[Excerpts from a dataset]
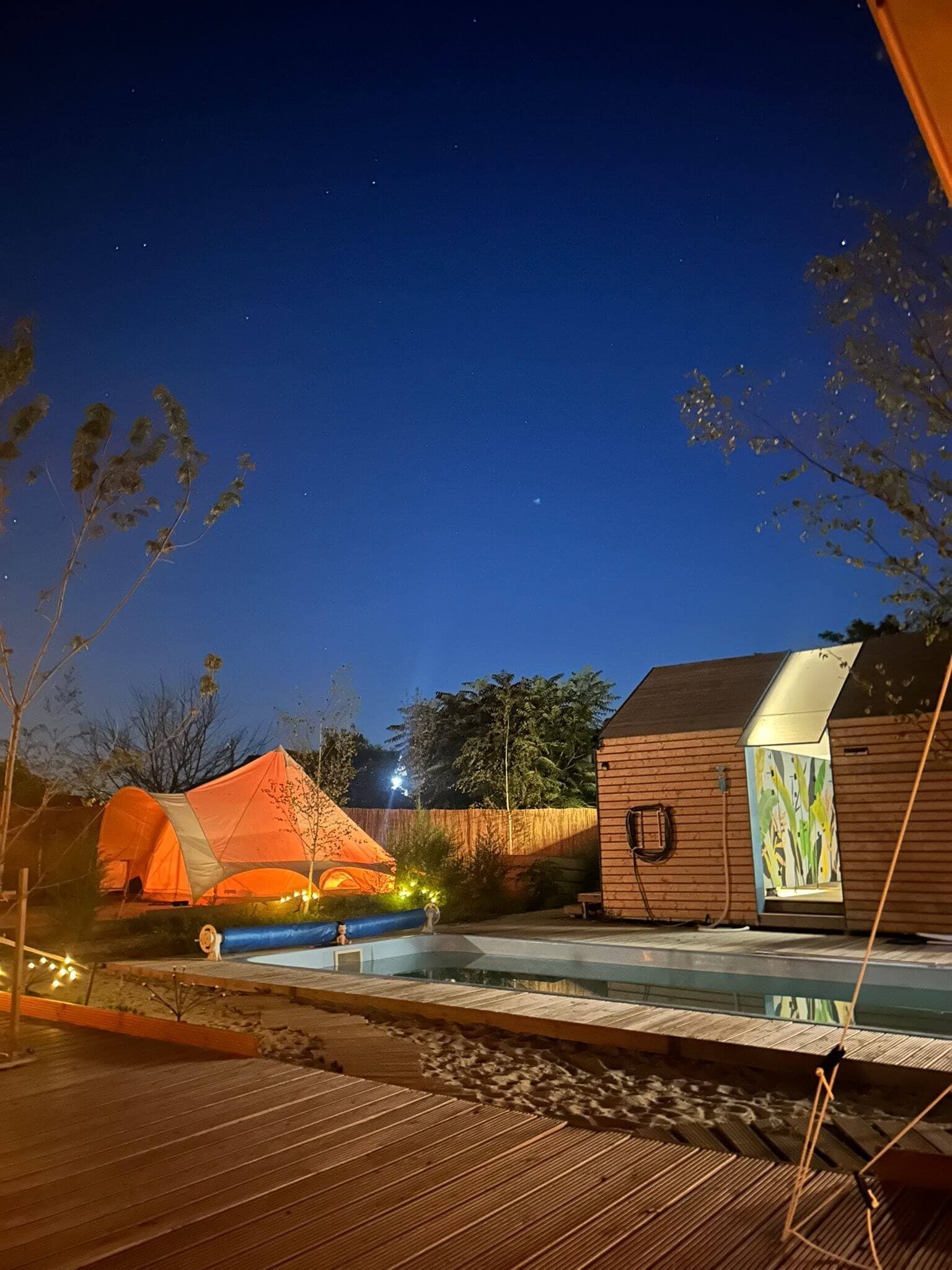 Amurg glamping & pool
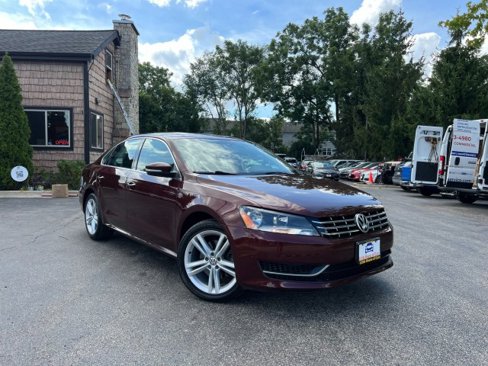 Used 2014 Volkswagen Passat 1.8T SE image 1
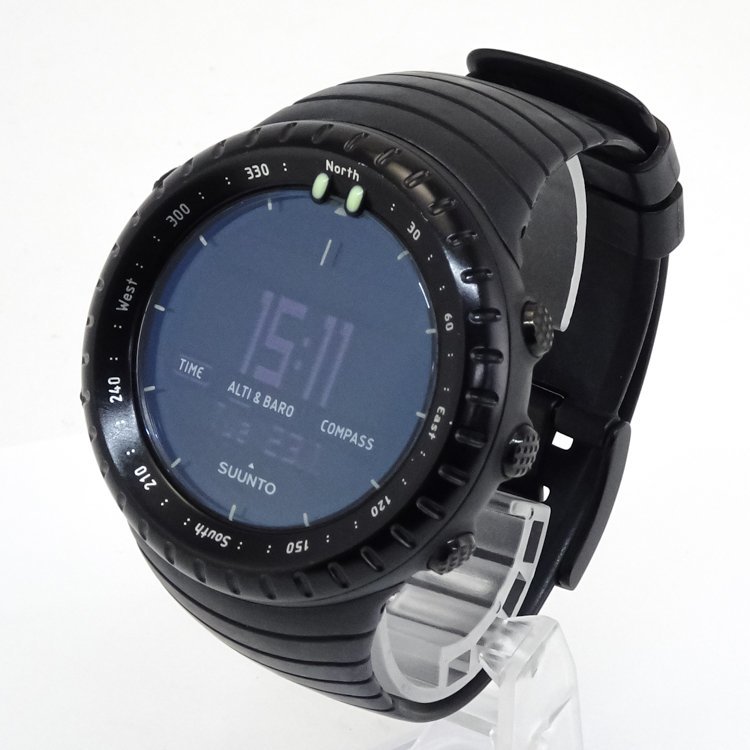 【1円】スント SUUNTO CORE アウトドアウォッチ 腕時計 SS014279010 クォーツ アルミ 黒文字盤 デジタル クロノ コンパス 多機能 動作品_画像2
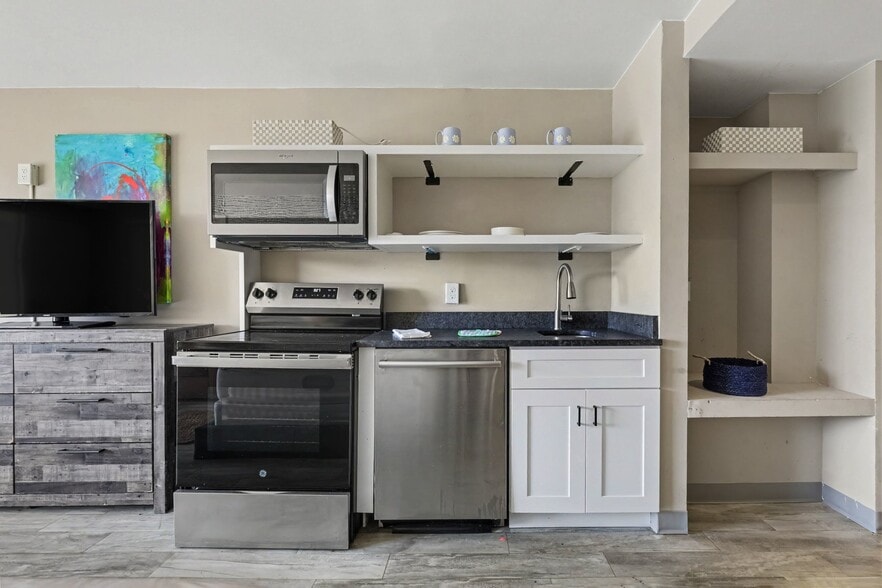 More Photos Of 1500 S Ocean Blvd, Myrtle Beach Apartments For Sale
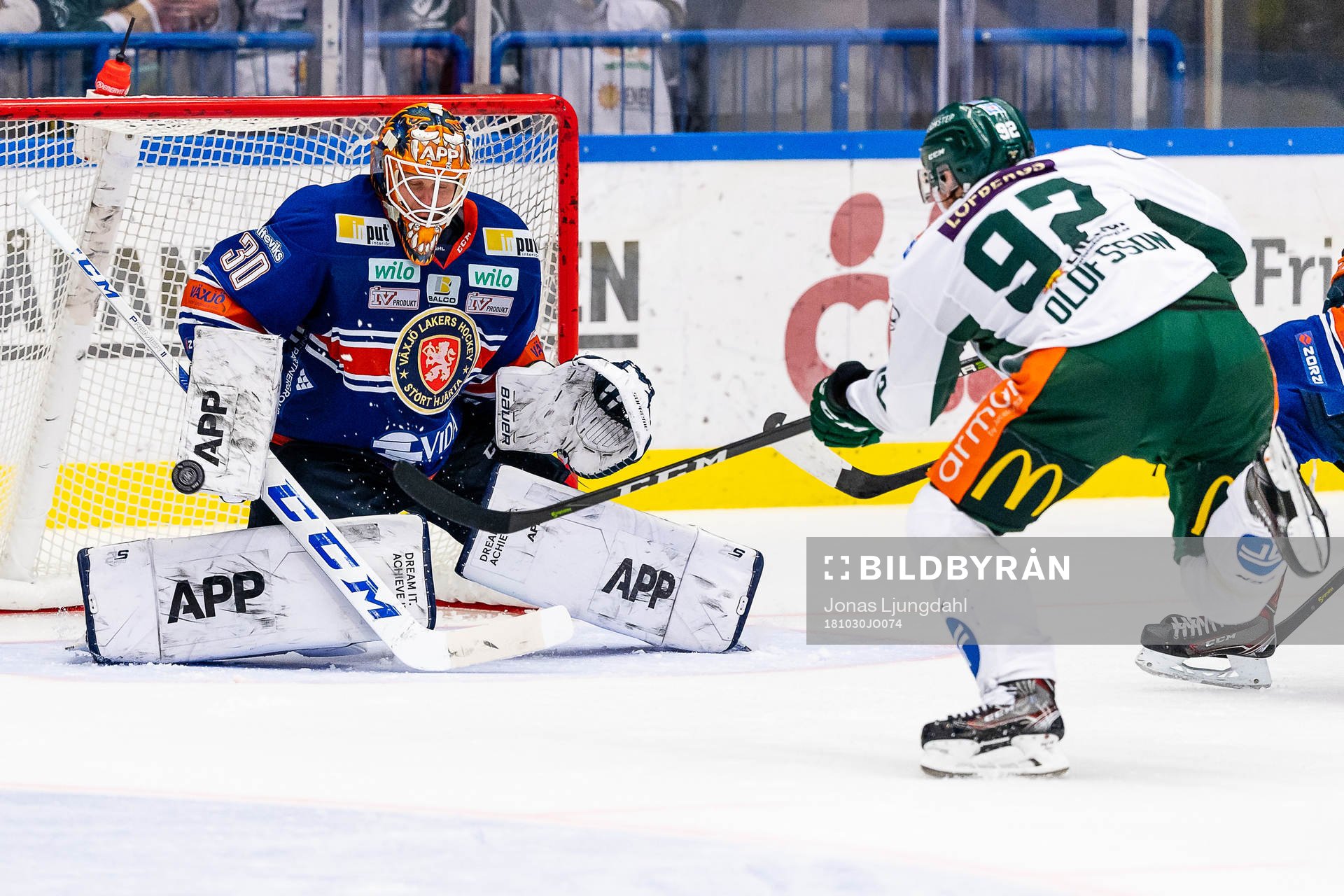 Färjestads Jesper Olofsson oroar framför Växjös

§ **Work item**:
Your task is to transcribe, exactly and without additions, every line from the one that contains "More Photos Of" to the end of the entries above, both included. Omit all pictures.

§ **Worked solution**:
 More Photos Of 1500 S Ocean Blvd, Myrtle Beach Apartments For Sale
 Färjestads Jesper Olofsson oroar framför Växjös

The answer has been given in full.